This month, writer and reviewer Bobbi Dumas, author of the popular NPR Books blog essay "Don't Hide Your Harlequins: In Defense of Romance," declared August "Read-A-Romance Month." Tired of being the butt of jokes at parties for her literary leanings, tired of being condescended to because of her love of romance, Dumas decided to do something more than just defend her beloved genre. With the support of several major romance publishers and nearly 100 romance authors, Dumas created the Read-A-Romance Month web site. The site is clearly a promotional one, with publishers and authors sponsoring contests and give-aways for visitors who leave their names and email addresses. But by publishing short posts by romance authors responding to the prompt "Why Romance Matters," Dumas is also attempting to jump-start a broader conversation about romance, one not based on stereotypes about romance novels or their readers.

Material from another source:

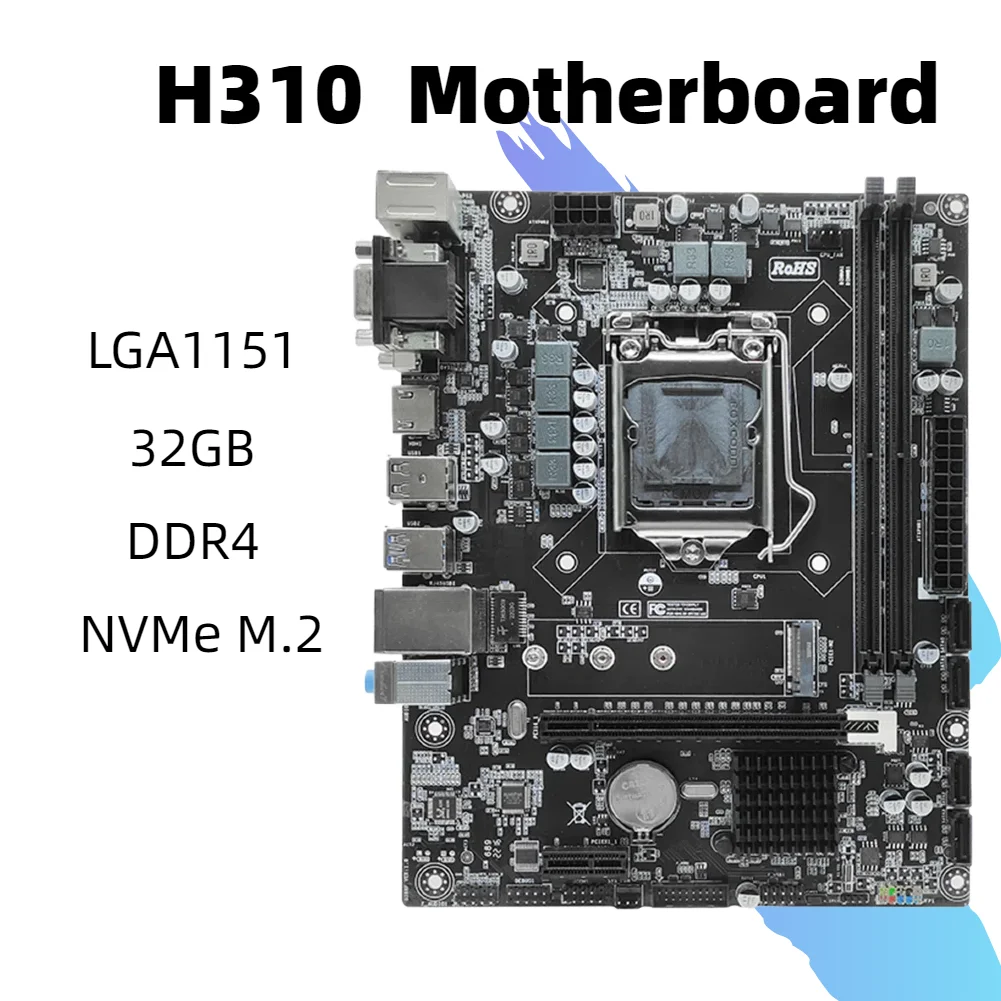 

H310 Computer Motherboard 32GB LGA1151 PC Mainboard VGA/HDMI-compatible/DVI Ports Micro-ATX DDR4 Motherboard SATA USB3.0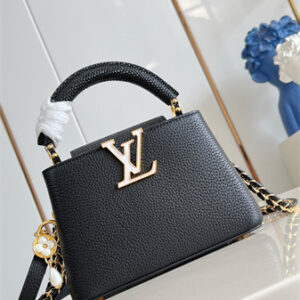 L.V Capucines Mini Bag Lizard Embossed Taurillon Leather Black M48865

Will feminism play a role in this broader conversation? I was interested to see how many of the authors posting on the site would refer to feminism as a reason why the genre matters.
Susan Mallery, the site's inaugural poster, began the month with a bang, opening her essay by asserting:
I am a feminist.
I read and write romance.
Those two statements do not contradict one another.
In particular, Mallery argues, romances "empower women" in two specific ways: "Romance novels teach women that they can do or be anything" and "Romance novels teach women how we deserve to be treated by the men in our lives." I've only read one Mallery book (The Best of Friends) and found it rather flat, but her open embrace of a feminist identity makes me eager to read more.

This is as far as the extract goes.